In 1996, the Pennsylvania legislature, through Section 306(b)(2) of Act 57, filled the statutory gap and removed the Kachinski burden of proof as to job availability. In particular, the amended section 306(b)(2) provides for modification of benefits on the basis of “earning power” as determined by “expert opinion evidence” that the employee is “capable” of performing “employment which exists in the usual employment area”. (underline added). As further defined by the statute such expert evidence is to include job listings within the agencies of the department, private job placement and advertisements in the usual employment area. Typically, such evidence is presented in the form of vocational expert testimony concerning labor market surveys identifying jobs existing in the usual employment area.
The underlying litigation in Shoap followed the typical pattern with the employer presenting evidence of the Claimant’s increased earning power through expert opinion based on a labor market survey. Ms. Shoap, however, asserted that the jobs in the labor market survey did not “exist” because she applied for the referenced jobs and they were not made available to her. In applying section 306(b)(2) of the Act, as amended by Act 57, the Pennsylvania Commonwealth Court in Phoenixville Hospital v.
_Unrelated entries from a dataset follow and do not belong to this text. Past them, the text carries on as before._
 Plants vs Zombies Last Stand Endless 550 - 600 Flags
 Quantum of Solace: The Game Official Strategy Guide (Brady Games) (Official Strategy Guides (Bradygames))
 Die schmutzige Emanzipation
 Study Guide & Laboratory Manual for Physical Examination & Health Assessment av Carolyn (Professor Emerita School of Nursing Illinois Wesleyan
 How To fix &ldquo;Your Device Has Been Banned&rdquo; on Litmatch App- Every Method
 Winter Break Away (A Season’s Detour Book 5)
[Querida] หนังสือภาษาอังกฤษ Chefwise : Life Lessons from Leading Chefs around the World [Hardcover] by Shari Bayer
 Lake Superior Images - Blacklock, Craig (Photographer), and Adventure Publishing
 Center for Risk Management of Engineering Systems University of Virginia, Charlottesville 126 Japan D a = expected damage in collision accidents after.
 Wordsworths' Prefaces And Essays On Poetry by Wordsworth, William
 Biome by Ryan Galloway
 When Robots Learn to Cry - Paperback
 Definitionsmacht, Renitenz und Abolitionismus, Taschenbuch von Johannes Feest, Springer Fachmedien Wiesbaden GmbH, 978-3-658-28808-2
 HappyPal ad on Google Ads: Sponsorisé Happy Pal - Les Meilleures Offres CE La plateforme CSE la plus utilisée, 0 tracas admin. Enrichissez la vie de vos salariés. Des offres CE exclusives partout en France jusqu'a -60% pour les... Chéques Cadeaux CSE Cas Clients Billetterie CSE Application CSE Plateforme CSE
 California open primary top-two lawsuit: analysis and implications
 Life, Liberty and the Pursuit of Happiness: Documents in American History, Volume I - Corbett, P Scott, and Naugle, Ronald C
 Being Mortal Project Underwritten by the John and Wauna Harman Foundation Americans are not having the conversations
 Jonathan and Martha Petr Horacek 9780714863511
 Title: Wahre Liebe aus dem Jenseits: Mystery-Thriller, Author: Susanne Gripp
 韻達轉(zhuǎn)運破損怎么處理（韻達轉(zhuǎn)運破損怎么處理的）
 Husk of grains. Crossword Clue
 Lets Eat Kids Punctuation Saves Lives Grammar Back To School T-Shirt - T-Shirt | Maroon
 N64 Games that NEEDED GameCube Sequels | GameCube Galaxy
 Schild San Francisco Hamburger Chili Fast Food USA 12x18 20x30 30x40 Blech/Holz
WCAB (Shoap), 2 A.3d 689 (Pa. Cmwlth. 2010), held that Shoap’s failure to obtain employment despite her application for such jobs was “immaterial” to the determination of Claimant’s earning power.
In a 4-2 decision, the Pennsylvania Supreme Court reversed the holding of the Commonwealth Court, with a remand for determination consistent with its opinion. Phoenixville Hospital v. WCAB (Shoap), 2013 WL 6132096, __ A.3d __. The Pennsylvania Supreme Court held that “evidence that the Claimant pursued but failed to obtain gainful employment with the employers identified by the expert witness is undeniably relevant to rebut the employer’s argument that the positions identified were proof of the potentiality of a Claimant’s substantial gainful employment”. In reaching this conclusion, the Court latches onto the term “exists” under section 306(b)(2), and thus concludes that a job does not exist if the job “was already filled by the time the Claimant had a reasonable opportunity to apply for it”.
As noted by Justice Saylor in his dissenting opinion, the majority’s decision in Shoap, alters the burden on the employer of establishing employment in the relevant employment area towards an increased burden of “proving actual job availability to specific claimants”. Whether the Court’s decision in Shoap involves a complete return to the Kachinski regime remains to be seen. Arguably, Shoap is limited to allowing a claimant to defeat a modification petition by evidence that the “position identified by the employer’s expert witness was already filled”. Regardless, the majority’s holding in Shoap sets a dangerous precedent which suggests that, if not resurrected, Kachinksi remains a specter on the landscape of Pennsylvania Workers’ Compensation.